8.5.2 ii. Cook’s distance

diag_tbl %>%
  mutate(cook_cut = 4 / n()) %>%
  ggplot(aes(x = seq_along(cooks_d), y = cooks_d)) +
  geom_hline(aes(yintercept = cook_cut), linetype = "dashed") +
  geom_point(aes(shape = flagged, fill = flagged), alpha = 0.7) +
  scale_shape_manual(values = c(21,24))+
  scale_fill_brewer(type = "qual", palette = 2, direction = 1)+
  geom_text(data = diag_tbl %>% filter(flagged),
      aes(label = block), # use block as label
          vjust = -0.7,
              size = 3) +
  labs(title = "Potential influence",
      subtitle = "Cook's distance",
      x = "Observation index",
      y = "Cook's distance",
      shape = "flagged"
  ) +
  theme_classic()

8.5.3 iii.
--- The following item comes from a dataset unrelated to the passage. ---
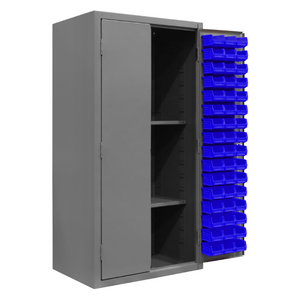 Durham 3501-DLP-PB-96-2S-5295 Cabinet, 14 Gauge, Pegboard, 2 Shelves, 96 Blue Bins, 36 X 24 X 72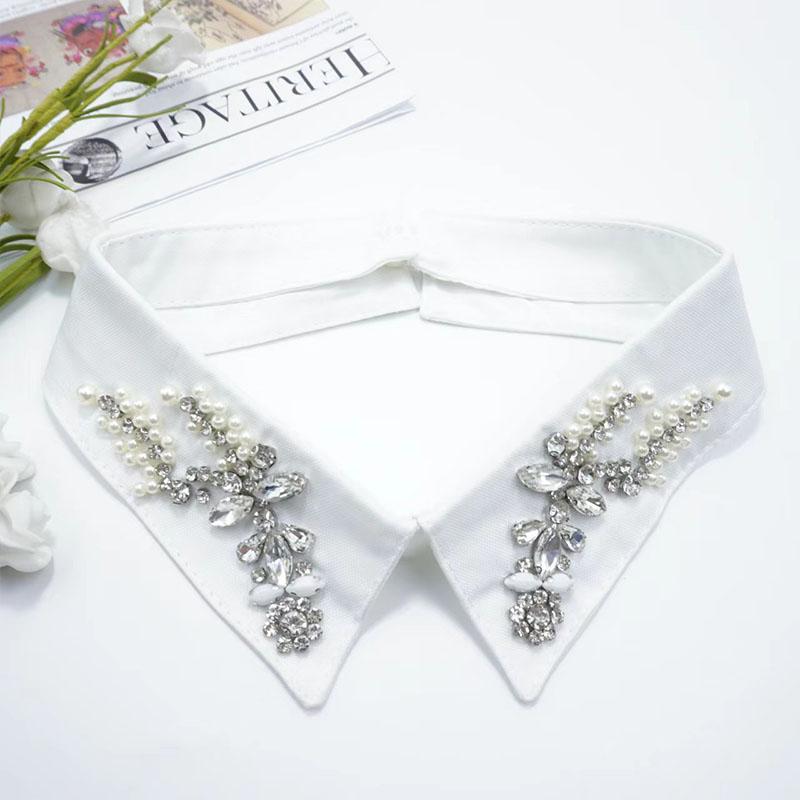 Retro Rhinestone False Collar Neckline Women Lapel Fake Collar Woman Embroidery Removable Detachable Tie Clothing Accessories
Hybrid option

diag_tbl %>%
  ggplot(aes(x = .hat, y = stud_resid)) +
  geom_hline(yintercept = c(-2, 2), linetype = "dashed") +
  geom_hline(aes(yintercept = 0), linetype = "solid") +
  geom_point(aes(size = cooks_d, shape = flagged, fill = flagged), alpha = 0.7) +
  scale_shape_manual(values = c(21,24))+
  scale_fill_brewer(type = "qual", palette = 2, direction = 1)+
  geom_text(data = diag_tbl %>% filter(flagged),
      aes(label = block), # use block as label
          vjust = -0.7,
              size = 3) +
  labs(
    title = "Influence map",
    x = "Leverage (hat values)",
    y = "Studentized residuals",
    size = "Cook's D",
    shape = "Flagged"
  ) +
  theme_classic()

8.5.4 other options

The performance package offers a variety of functions to check assumptions and for outliers/influential observations

performance::check_model(model = fit, check = c("outliers"))

The car package also has useful functions for outlier detection and influence diagnostics such as ‘outlierTest()’ and ‘influencePlot()’:

car::outlierTest(fit)

No Studentized residuals with Bonferroni p < 0.05
Largest |rstudent|:
   rstudent unadjusted p-value Bonferroni p
28 -2.36159             0.0194           NA

car::influencePlot(fit)

       StudRes        Hat       CookD
3    0.6973319 0.04166667 0.003029990
5    0.4985601 0.04166667 0.001551104
28  -2.3615895 0.04166667 0.033682827
164  1.8139050 0.04166667 0.020149711

9 Treatment options 🛠️

What to do instead of deleting

Options in increasing order of intervention

Do nothing (keep the point) if it is plausible and conclusions are robust
Fix errors (units, typos) with documentation
Add structure (block/site/year random effects, covariates, interactions) if the point reveals missing model structure
Model non-constant variance or transform the response if residual spread grows with mean
Robust methods if the goal is stable estimation under heavy tails (useful, but interpret carefully)

10 Reliable R packages 📦

Good, reliable tools for diagnostics

Base R (reliable and transparent)
- rstudent(), rstandard()
- cooks.distance(), hatvalues(), dfbetas()
- influence.measures()

performance (great for teaching)
- performance::check_model() for a consistent diagnostic overview (and it works for many model types)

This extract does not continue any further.